_Given data_:
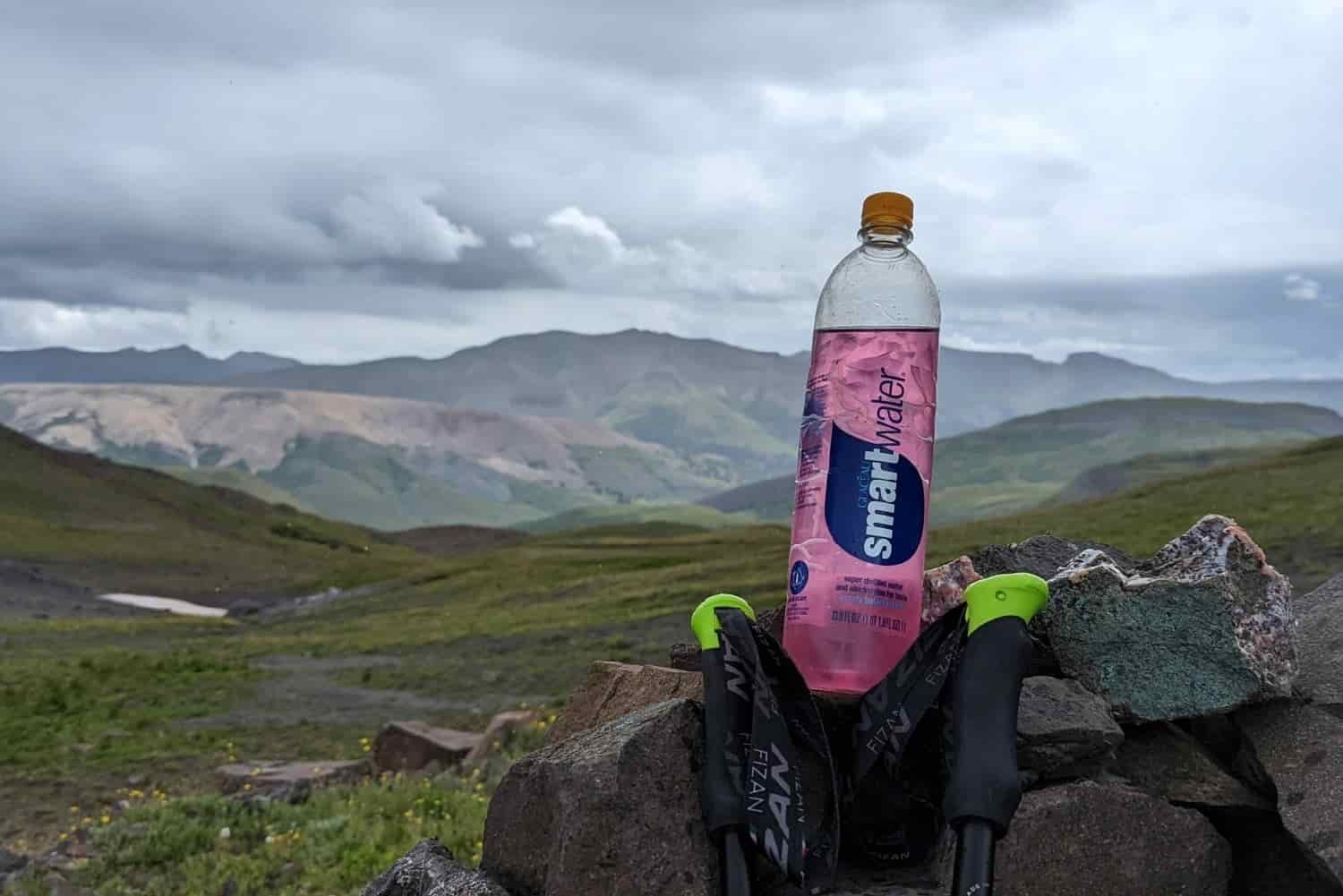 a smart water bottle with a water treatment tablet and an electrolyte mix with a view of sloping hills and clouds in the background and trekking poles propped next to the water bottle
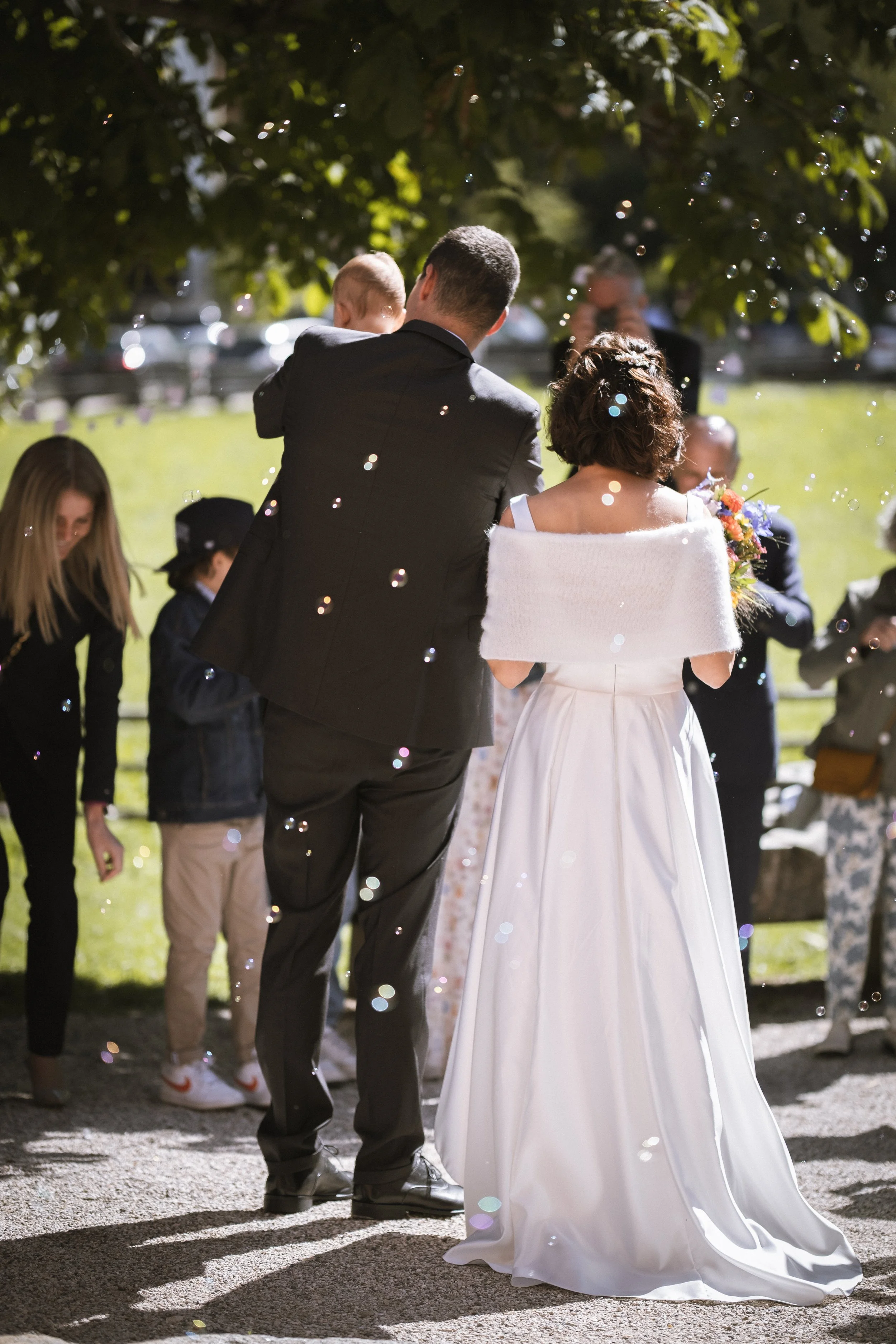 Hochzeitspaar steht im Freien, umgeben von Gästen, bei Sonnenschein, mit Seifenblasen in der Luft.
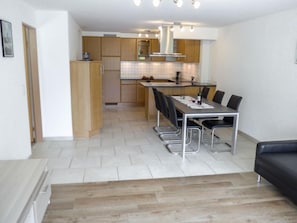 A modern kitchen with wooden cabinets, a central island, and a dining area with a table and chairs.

_The task_: Give back the material above exactly as it appears, minus any picture.

_Task response_:
 a smart water bottle with a water treatment tablet and an electrolyte mix with a view of sloping hills and clouds in the background and trekking poles propped next to the water bottle
 Hochzeitspaar steht im Freien, umgeben von Gästen, bei Sonnenschein, mit Seifenblasen in der Luft.
 A modern kitchen with wooden cabinets, a central island, and a dining area with a table and chairs.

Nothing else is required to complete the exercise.